No-code backlink data collection

Introduction

This tutorial explains how to create a backlink profile for each domain selected for the core website dataset. For this pilot report, we used 42 domains. This process must be completed for each of the 42 websites.

Depending on your skill level, this task could take 10 to 30 minutes per domain. We recommend you create a master sheet at the beginning to keep track of the data sheets for each listed domain. This ensures tables aren’t confused or lost.

Date of collection Domain Link to data sheet
2022-09-11 astutenews https://docs.google.com/spreadsheets/d/e/2PACX-1vTD25TXOy4e-6ZHhHJzQ2m8cX6zSp2OQ--rJ81DFuQAj_l13QpzkNjHkyFaougmq489kTfRCl4nBd48/pubhtml?gid=1571247936&single=true

When the tables are completed, it is time for the aggregated data analysis. This can be found in a separate as yet unpublished section.
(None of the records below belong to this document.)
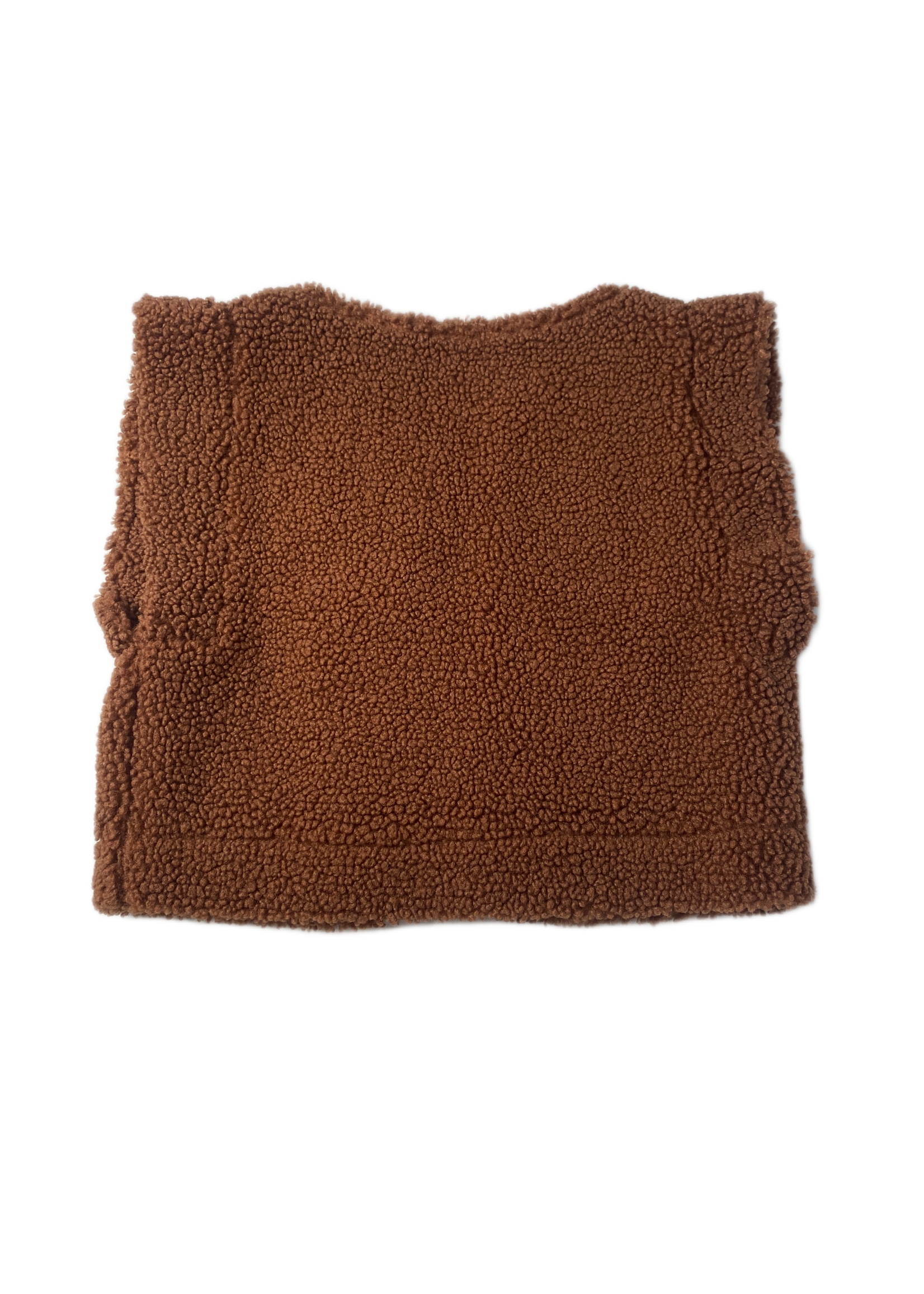 Europe Kids BijBO Gilet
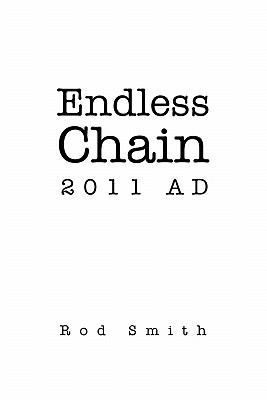 Endless Chain 2011 AD 1456854313 Book Cover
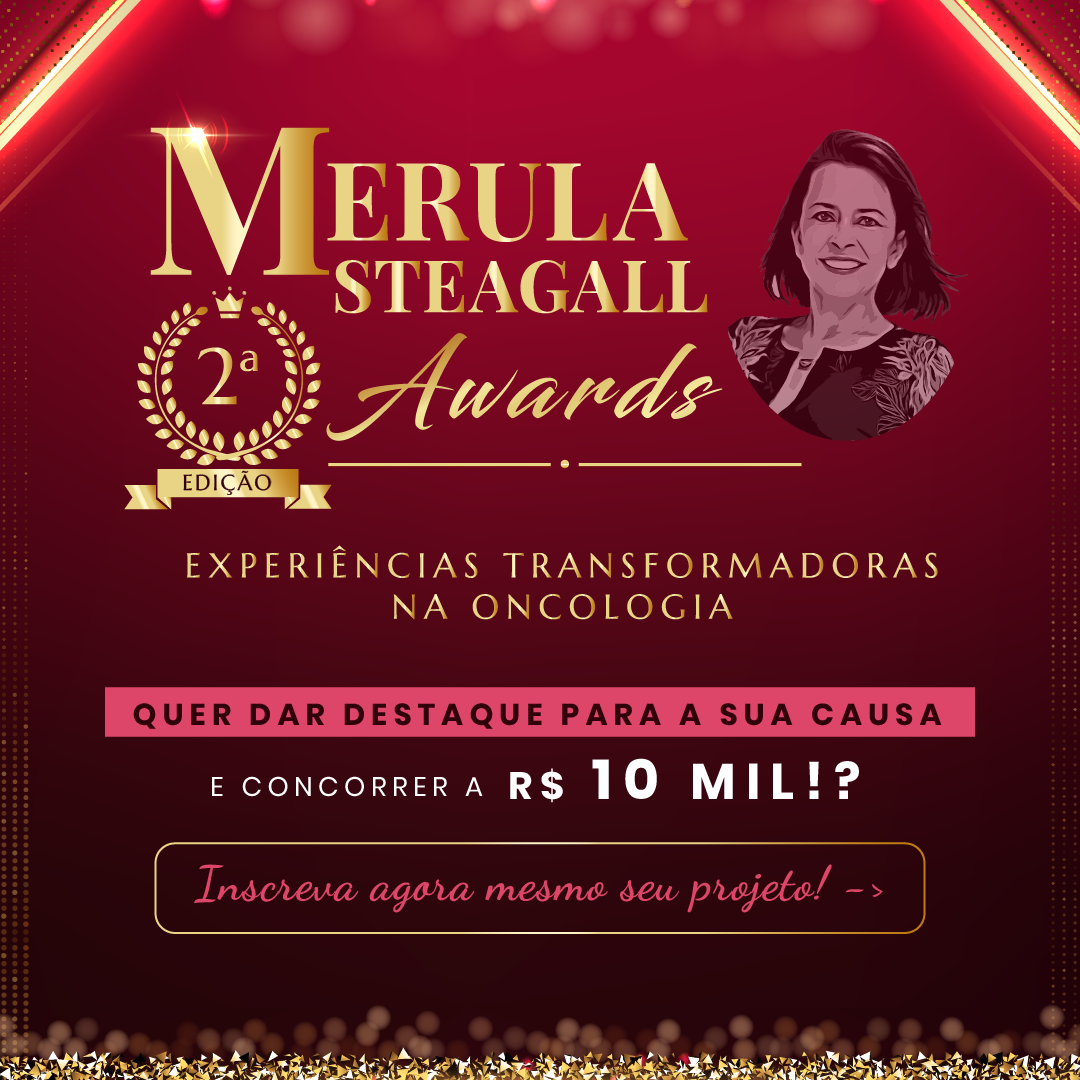 premio-merula-awards-banner-mobile-site-TJCC_2025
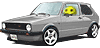 car-smiley-04-01-2007-104-by-smiliehouse.gif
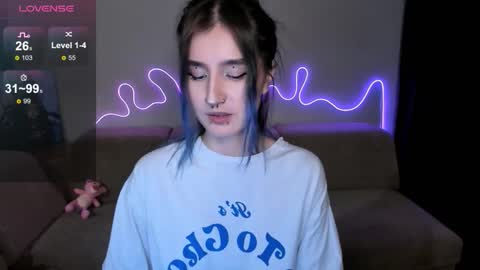 Mika online show from October 21, 6:45 pm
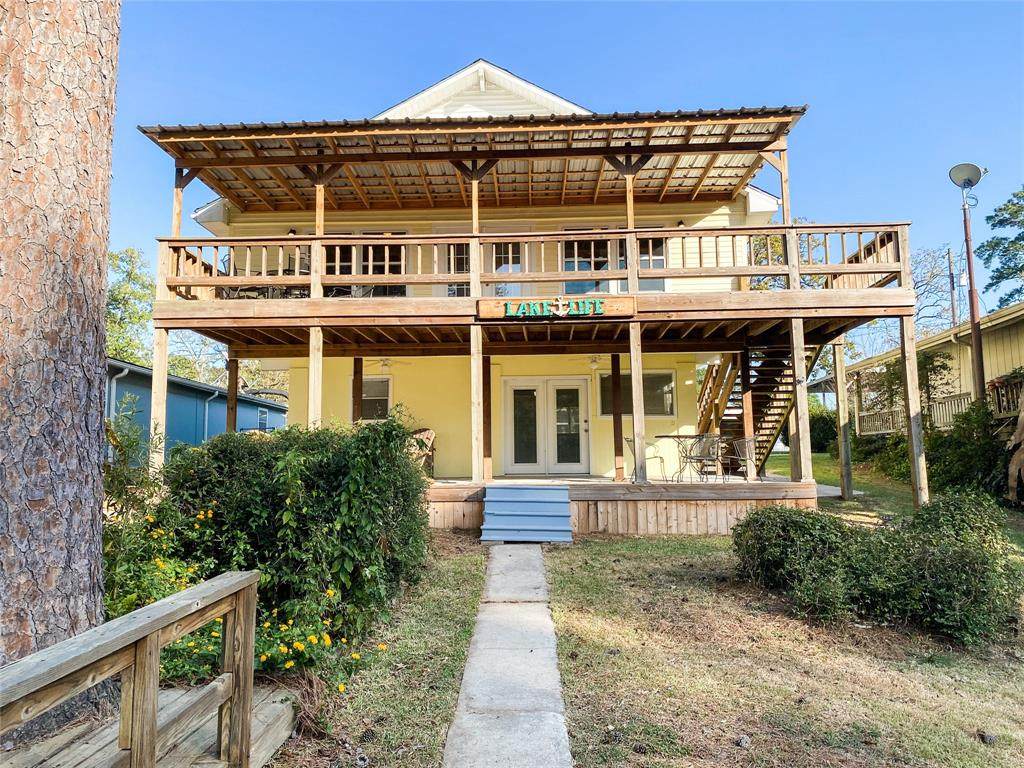 181 White Forest Lane - Photo 1
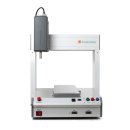 유창산업(주) 이미지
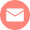 E-mail ikona
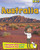 Australia (A Benjamin Blog and His Inquisitive Dog Guide) - 9781410968548 by Anita Ganeri, Sernur Isik, 9781410968548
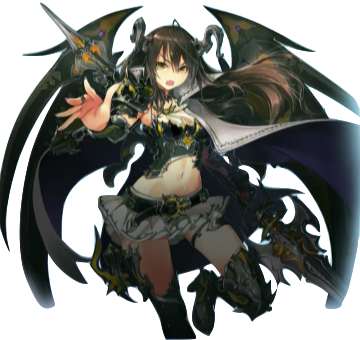 シャドバのtwitterイラスト検索結果 古い順 シャドバのtwitterイラスト検索結果 古い順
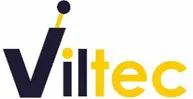 Viltec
The backlinks in this process come from BuzzSumo, but you can use backlinks from other sources.

Step One: Data collection

Use the backlink search function from Buzzsumo to find links to each site in your list of domains. The domains chosen for this first round fit the criteria outlined in the classification section, an evidence-based categorization algorithm. The domain search returns websites that have backlinked to any URL in the domain in the past year.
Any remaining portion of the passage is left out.